鮮度保持のプロが語る、見落としがちなファーストステップ
食品の嗜好的品質や栄養価値が下がる大きな原因は、食品中に含まれる成分の酸化。酸化は食品の色や風味に大きな影響を及ぼし、廃棄ロスや消費者クレームの一因にも繋がる。
これを防ぐためにパティスリーやベーカリーで多く用いられるのが「脱酸素剤」だ。
脱酸素剤は、鉄が錆びる時に酸素と結合する働きを活かして、密封した容器内の酸素を吸収し酸化による食品への悪影響を防いでくれる優れもの。
とはいえ一口に脱酸素剤と言っても様々なサイズや特性があり、どれが自分のお菓子に合うものなのか頭を悩ませた経験のあるシェフも多いだろう。鮮度保持剤メーカー・鳥繁産業が設立したシェフ向けの相談窓口「お菓子の相談室」には、「商品の鮮度保持がうまくいかないので脱酸素剤選びを見直したい」といった悩みも多く寄せられる。
「でも実は問題ってその手前にあることが多いんです。脱酸素剤がどうかと言うより、そもそも容器の密閉に不具合があるケースはお店の規模感や年数関係なくよく見受けられますね」
そう話すのは、品質管理課を率いる工藤豊さん。
品質管理課では、お菓子そのものの検査に取り掛かる前にまず専用の測定器を用いて容器内の酸素濃度をチェックする。
脱酸素剤が入っているにも関わらず酸素濃度が規定値を上回る場合は、どこからか空気が流入している可能性が高い。その場合はシールチェッカーと呼ばれる浸透性の高い液体を袋のシール部分に垂らし、問題箇所の洗い出しを行う。
「最近は包装にガゼット袋を使う方が多いと思うのですが、ガゼット袋はフィルムが何枚も重なるので失敗しやすい。特に古いシーラーだと熱がかかりにくいので、厚みが出る部分の接着が難しいんです。
あるいは機械の設定に原因がある場合もあります。長年店をやられていると包装材を変えたり種類を増やしたりするタイミングがあると思うのですが、その際初めに使っていた包装材用の設定のままやってしまうのはトラブルの素。手間はかかりますが、包装材ごとに設定を見直せばトラブルは減らせるはずです」
鳥繁産業ではお菓子以外の要因から幅広く考察し、衛生管理全般に関する包括的なアドバイスを行う。なぜなら、いくら鮮度保持剤を使っても、適切な条件下でなければその能力は生かされないからだ。

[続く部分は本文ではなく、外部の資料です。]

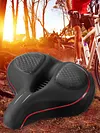 Oversized Bike Seat Breathable Hollow Bicycle Saddle Waterproof Bike Accessories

「シェフの皆さんが消費者に提供しているのは、『美味しいお菓子』と、その先にある『心豊かな時間』。お店と消費者の絆を深める機会を、鮮度保持の観点からこれからも一緒につくっていきたいんです」
鮮度保持はお菓子そのものに対してだけ施せば良いわけではない。全国のパティスリーが人々から愛される店であり続けられるように、鳥繁産業は今日も衛生管理全般のサポートを使命に掲げシェフたちと共に走り続ける。